Além disso, não menos aturada e firme a jurisprudência deste Tribunal no sentido de que a garantia constitucional contra auto-incriminação se estende a todas as pessoas sujeitas aos poderes instrutórios das Comissões Parlamentares de Inquérito, assim aos indiciados mesmos, ou, recte, envolvidos, investigados, ou suspeitos, como às que ostentem a só qualidade de testemunhas, ex vi do art. 406, I, do Código de Processo Civil, cc. art. 3º do Código de Processo Penal e art. 6º da Lei nº 1.579, de 18 de março de 1952 (HC nº 73.035, Tribunal Pleno, rel. Min. CARLOS VELLOSO, DJ de 19.12.1996; HC nº 79.244, rel. Min. SEPÚLVEDA PERTENCE, DJ de 24.03.2000; HC nº 78.814-MC, rel. Min. MARCO AURÉLIO, DJ de 09.02.1999; HC nº 83.648, rel. Min. CELSO DE MELLO, DJ de 28.10.2003; HC nº 84.089-MC, rel. Min. CEZAR PELUSO, DJ de 25.03.2004, HC nº 85.502- MC, rel. Min. CEZAR PELUSO, DJ de 23.02.2005; HC nº 86.849-MC, rel. Min. CEZAR PELUSO, DJ de 13.10.2005).
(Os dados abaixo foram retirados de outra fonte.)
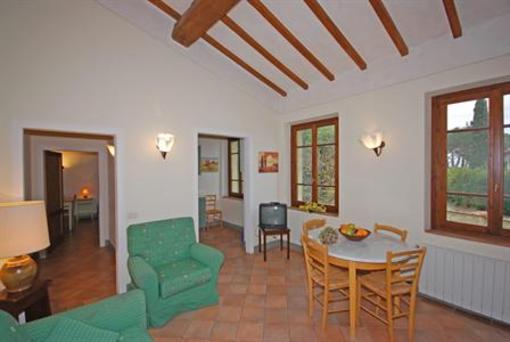 фото отеля Podere il Pino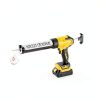 Cordless Caulking Gun Compatible with DeWalt 20V Max Battery, 10oz-2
As mesmíssimas razões aplicam-se, nos precisos termos do art. 207 do Código de Processo Penal e art. 406, II, do Código de Processo Civil, cc. art. 3º do Código de Processo Penal e art. 6º da Lei nº 1.579, de 1952, às testemunhas, quanto aos fatos sobre os quais devam guardar sigilo por dever de ofício ou profissão (cf. HC nº 71039, Re. Min. PAULO BROSSARD, DJ de 06.12.1996; HC nº 71231, Rel. Min. CARLOS VELLOSO, DJ de 31.10.1996; MS nº 23452, Rel. Min. CELSO DE MELLO, DJ de 12.05.2000; MS nº 25.005, Rel. Min. MARCO AURÉLIO, DJ de 07.09.2004; HC nº 79.244, Rel. Min. SEPÚLVEDA PERTENCE, RTJ 172/929-930; HC nº 87.971-MC, Rel. Min. GILMAR MENDES, DJ 25.05.06. Na doutrina, por todos, OVíDIO ROCHA BARROS SANDOVAL, “CPI ao Pé da Letra”, Campinas, Millennium ed., 2001, p. 67-68, nº 59). Isso é sobremodo válido para o sigilo funcional que recai sobre servidor ou funcionário público, ou a quem tenha agido na condição de perito judicial em feito revestido de segredo de justiça.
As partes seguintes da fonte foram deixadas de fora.